Keywords:-Mercy Petition- Death Penalty-Eminent Citizen
July 26, 2015
His Excellency,
The Hon’ble President of India
Rashtrapati Bhavan, New Delhi
Subject: New Mercy Petition Urging Stay Against Imminent Execution of Yakub Abdul Razak Memon
May it Please Your Excellency:
This is a mercy petition for Yakub Abdul Razak Memon, who is scheduled to be executed on 30 July 2015 as per the execution warrant issued by the TADA Court.
We, the undersigned, through this petition urge Your Excellency to stay the imminent execution so that the substantive and fresh grounds raised herein can be considered on merits.
A. Preliminary Grounds
1. An International Commitment to abolish death penalty – We the signatories of this mercy petition humbly make the statement that in India death penalty cannot be imposed till such time Parliament of India decides not to abolish death penalty and the reason for the same are as under:
The universal declaration of Human Rights adopted by the General Assembly on 10.12.1948 defined certain human rights and fundamental freedoms which need to be protected. Among the subsequent human right documents, the most important are the two covenants adopted by the General Assembly in 1966: The Covenant on Civil and Political Rights and its Optional Protocol and the Covenant on Economic, Social and Cultural Rights. India became a party to both these covenant by ratifying them on 27.3.1979. There are two optional protocols to the covenant, the Second Protocol aims at the abolition of death penalty.
Article VI of Part-III of the covenant on civil and political rights lays down as under:
1. Every human being has the inherent right to life. This right shall be protected by law. No-one shall be arbitrarily deprived of his life.
2. In countries which have not abolished the death penalty, sentence of death may be imposed only for the most serious crime.
3. ……………….
4. Anyone sentenced to death shall have the right to seek pardon or commutation of the sentence amnesty or commutation of death may be granted in all cases.
The President of India under Article 72 of the Constitution of India has the power to grant pardon and to suspend, remit or commute sentence in certain cases. It is in this way the constitution of India permits right of appeal. Sub-clause of Article 6 of Part-III of the Covenant as referred above provides that commutation of sentence of death may be granted in all cases. In the circumstance, we will have to understand as to why “may” has been used for commutation of the sentence of death to be granted by the President. The Hon’ble Supreme Court of India in Deewan Singh Vs. Rajendra Prasad Ardevi (2007) 10 SC 528 while interpretating “may” where powers is conferred upon a public authority coupled with direction, the word “may” which connotes direction should be constitute to mean a command. In India this power of pardon is to be exercised by the President and therefore under no circumstances for empowering the President the word “shall” could have been used in the covenant but it means a command i.e. commutation of sentence of death must be granted in all cases by President, till such time Parliament of India decides that it will continue the penalty of death sentence. After signing of covenant, the Parliament of India has not considered any amendment in the Indian Penal Code for abolition of death sentence.

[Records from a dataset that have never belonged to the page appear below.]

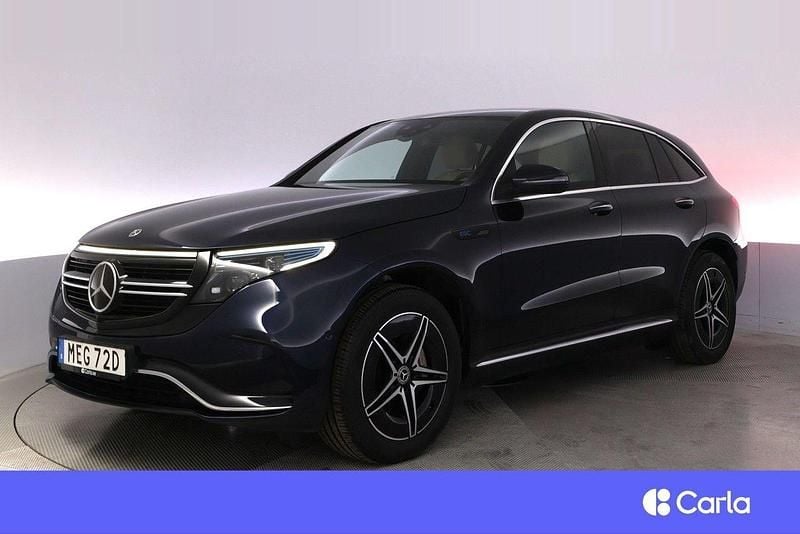 Mörkblå Begagnad 2021 Mercedes EQC400 AMG SUV | 415 900 kr (Marknadspris) - Bild 1/4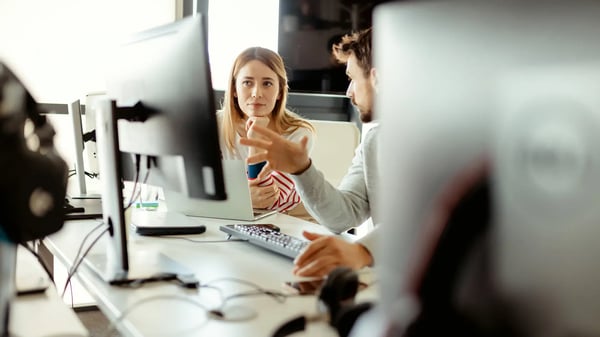 Kun intranet oikeasti tukee työpäivää – tekoäly muuttaa arjen tiedonhallintaa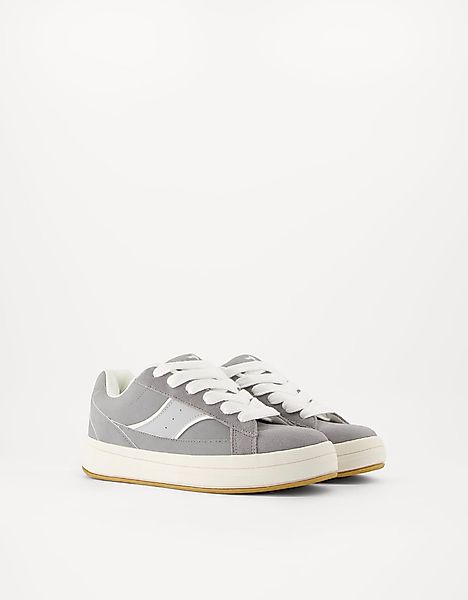 Bershka Sneaker Aus Rauleder Im Skater-Stil Damen 39 Grau günstig online kaufen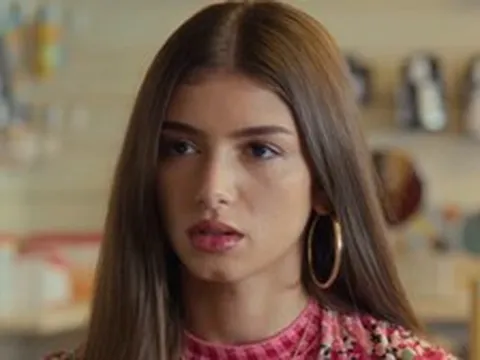 Xem phim Sex Education, tôi nghĩ ngay đến cô con gái sĩ diện hão của mình: Giấu giếm chuyện mẹ làm công nhân, rồi khoe thành "trưởng phòng"!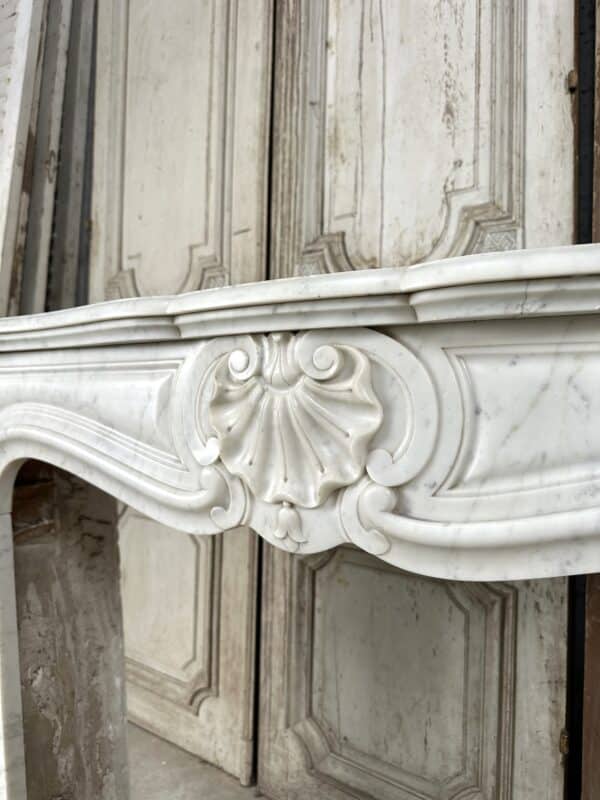 Cheminée de style Louis XV en marbre blanc de carrare époque fin 19e siècle – Image 8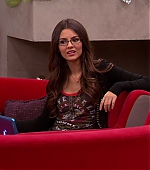 Victorious_S02E13_AChristmasTori_VJBR_1667.jpg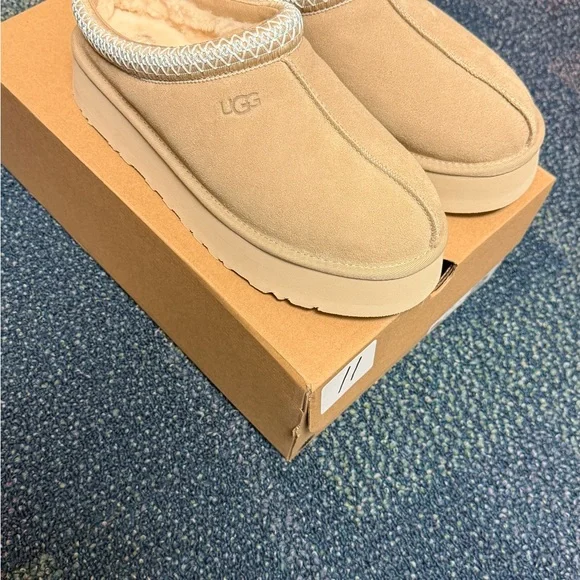 UGG Sand Tazz II Slip-On Shoes - Picture 2 of 7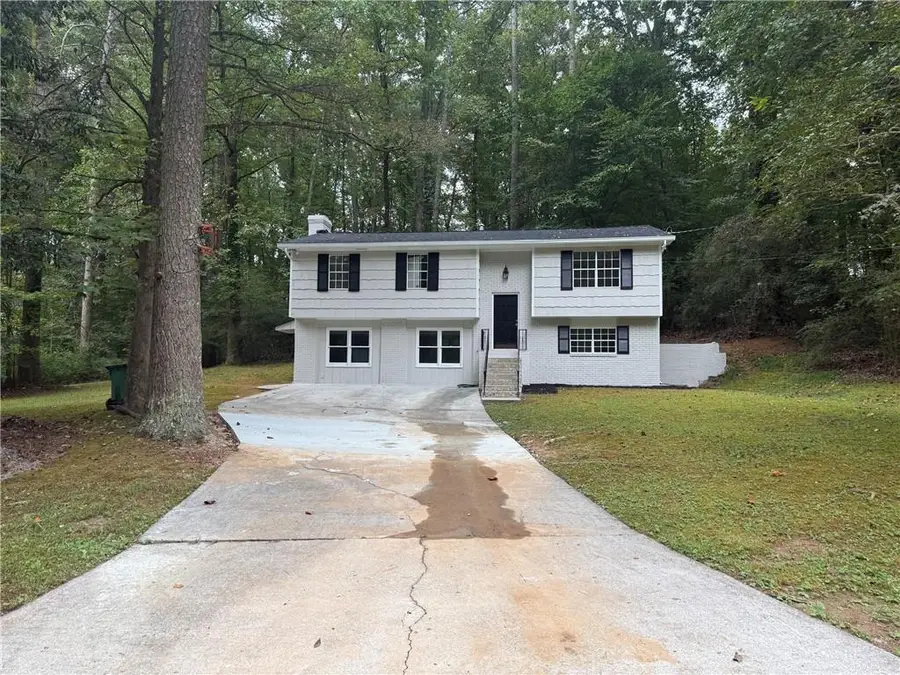 5959 Simone Drive, Stone Mountain, GA 30087 - #3
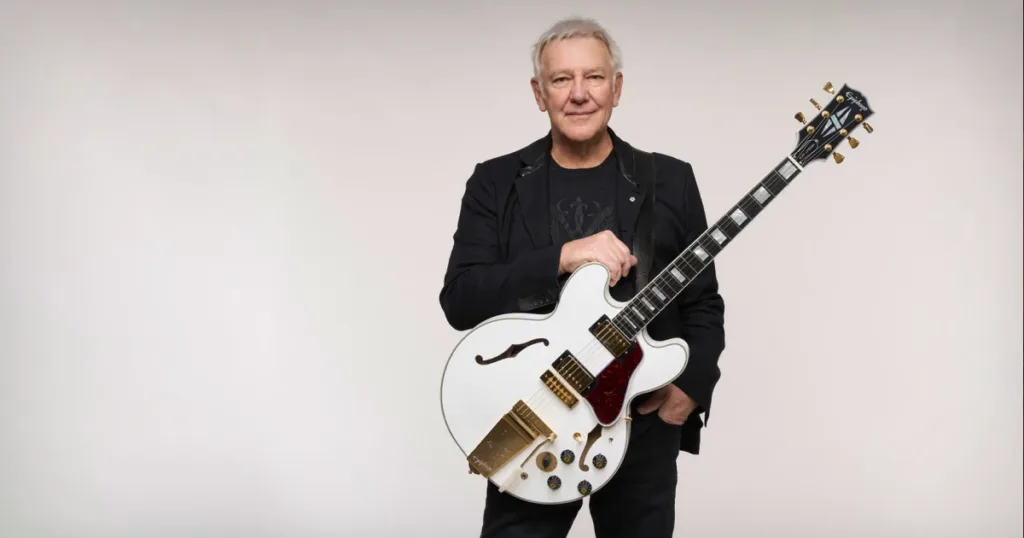 Epiphone lança reedição da famosa ES-355 branca de Alex Lifeson com construção semiacústica premium Alex Lifeson 1976 ES-355 Reissue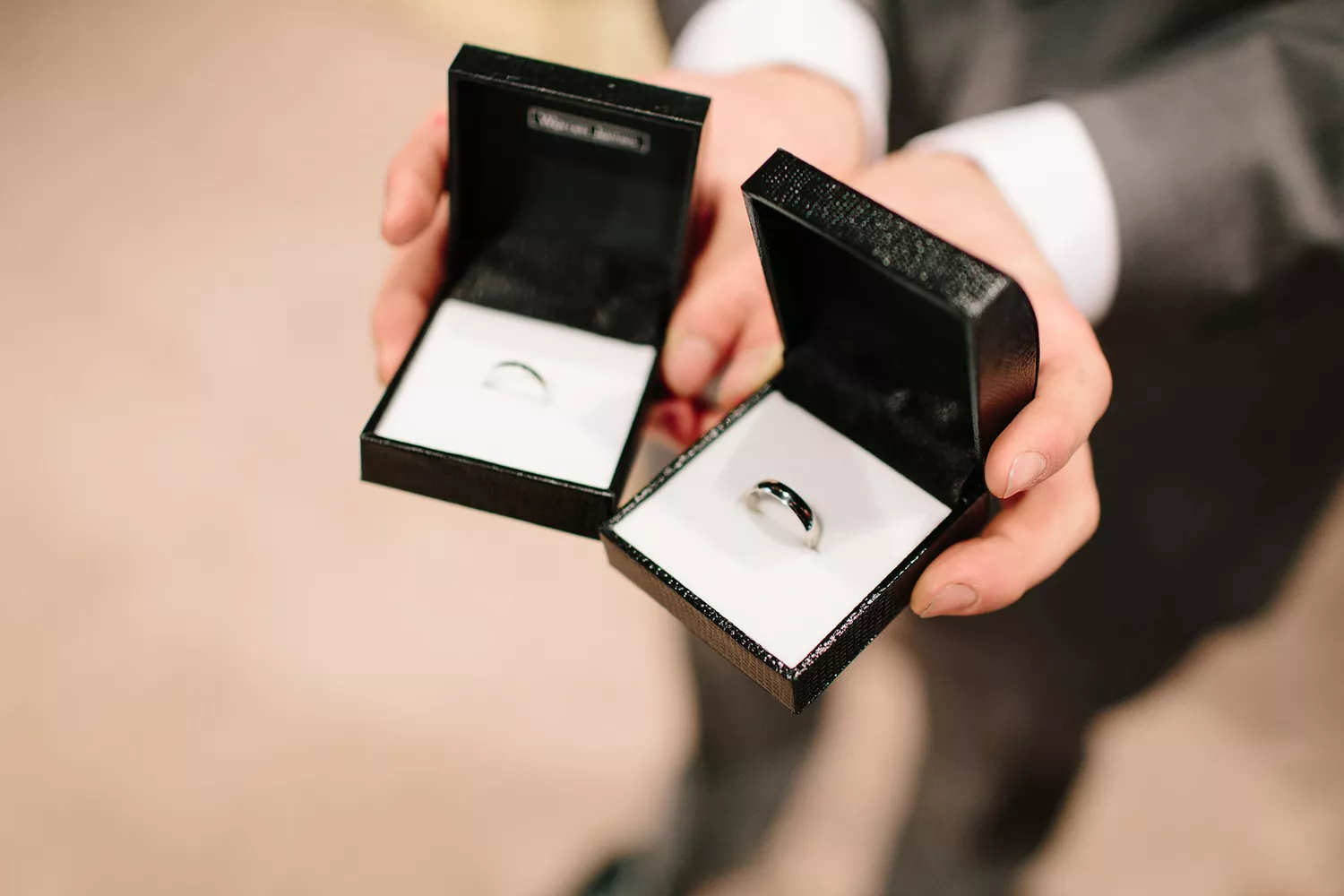 西式證婚中的交換戒指儀式由伴郎帶著戒盒上前。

The second optional protocol to the International covenant on civil and political rights reads as under:
“The States Parties to the present Protocol,
Believing that abolition of the death penalty contributes to enhancement of human dignity and progressive development of human rights,
Recalling Article 3 of the Universal Declaration of Human Rights, adopted on 10 December 1948, and Article 6 of the International Covenant on Civil and Political Rights, adopted on 16 December 1966,
Noting that Article 6 of the International Covenant on Civil and Political Rights refers to abolition of the death penalty in terms that strongly suggest that abolition is desirable,
Convinced that all measures of abolition of the death penalty should be considered as progress in the enjoyment of the right to life,
Desirous to undertake hereby an international commitment to abolish the death penalty,
Have agreed as follows:
Article 1:
1. No one within the jurisdiction of a State Party to the present Protocol shall be executed.
2. Each State Party shall take all necessary measures to abolish the death penalty within its jurisdiction.
Article 2:
1. No reservation is admissible to the present Protocol, except for a reservation made at the time of ratification or accession that provides for the application of the death penalty in time of war pursuant to a conviction for a most serious crime of a military nature committed during wartime.”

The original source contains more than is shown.